Несколько офицеров-воспитателей, в ведении которых находилась кадетская рота, старались навести хотя бы некоторый порядок. Но обуздать эту «ватагу» было не так просто. За спиной у нее было уже три года революции и Гражданской войны, и, конечно, о прежней дисциплине говорить было невозможно. Офицеры это понимали, а поэтому на многое закрывали глаза. Было и свое кадетское начальство, из самых старых кадет, как бы носителей кадетских традиций.

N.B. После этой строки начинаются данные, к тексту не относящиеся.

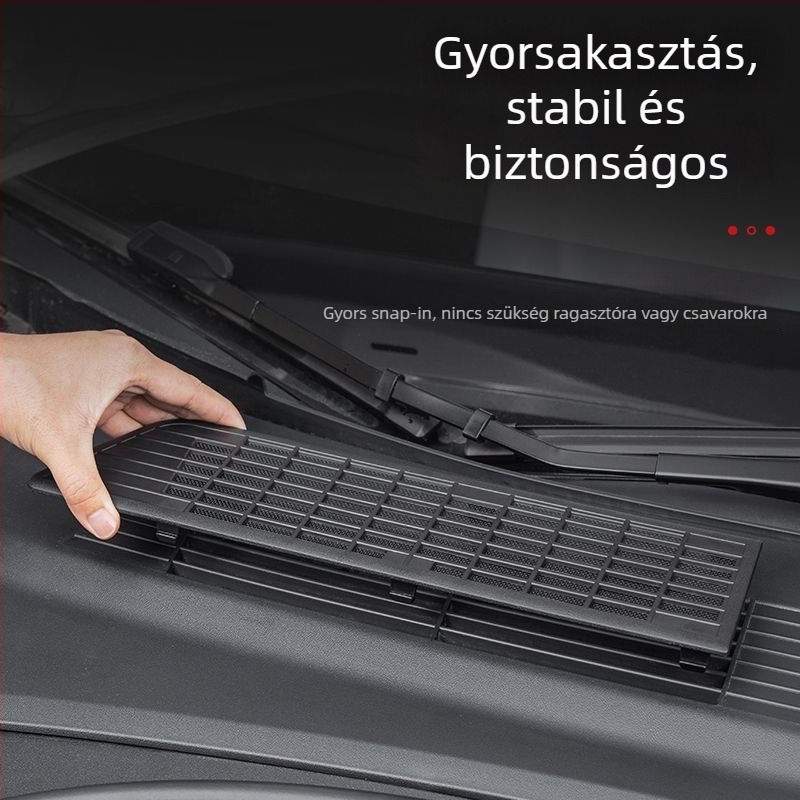 Tesla Model Y / Model 3 légbeömlő védőburkolat és rovarvédő porháló (új verzió) • Anyag: ABS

Старший из них имел по старому кадетскому обычаю титул «генерала выпуска». Они в свою очередь старались подтянуть распустившихся и поднять мораль и дисциплину.
После того как я явился дежурному офицеру-воспитателю, я по кадетской линии должен был явиться генералу выпуска, который принял меня, как георгиевского кавалера, довольно милостиво и даже можно сказать ласково.
В этот же день из армии прибыло еще три человека. Койки мы получили рядом. Это нас как-то сразу сблизило и объединило. Первые дни, чувствуя себя одинокими и чужими в новой среде, так мы четверкой вместе и держались. Один из них — кубанец в папахе из волчьего меха, в ноговицах, в погонах вахмистра. Отец его был командиром известной Волчьей Сотни у генерала Шкуро. Был он года на два старше меня. Скромный, солидный не по годам, казалось, ничем не замечательный юноша. В эмиграции, после окончания кадетского корпуса, он вступил в организацию, пытавшуюся активно бороться с большевиками. Этой организацией он был послан в Советский Союз на закрытую работу. Там и погиб.
У другого из нашей четверки отец погиб во время Кубанского десанта; он был там вместе с отцом. На вид добродушный, немного увалень, крепко сбитый, коренастый и мускулистый, он скоро стал очень популярен в кадетской среде как самый сильный из нас, задирать которого не рекомендовалось. Много позднее, уже в эмиграции, он перенес какое-то большое душевное потрясение. В чем оно было, осталось для большинства загадкой. Будучи очень замкнутым, он очень редко с кем-либо делился своими переживаниями. У него появились странности, что-то от лермонтовского Грушницкого. Он почему-то начал носить на левой руке черную перчатку, которую никогда не снимал. Было очень его жаль, когда пришло известие, что он застрелился.
Совсем недавно один мой приятель, бывший одно время его близким другом, рассказал мне о нем следующую историю. Еще в начале Гражданской войны генерал Шкуро жестоко и несправедливо оскорбил его отца, кубанского полковника. Сын знал об этом оскорблении, и мысль о нем его никогда не покидала. У юноши с годами появилась навязчивая идея, что он должен отомстить Шкуро за покойного отца. Когда же он наконец встретил генерала Шкуро (он годы мечтал об этой встрече), у него не хватило духу поступить так, как он считал, повелевает ему его долг сына. Проявленное им, как ему казалось, малодушие он глубоко переживал. В результате у него сделалось тяжелое нервное расстройство, и он покончил с собой. Так ли это было в действительности, никто теперь точно проверить не может. Но такого рода душевными драмами полны были эти страшные годы.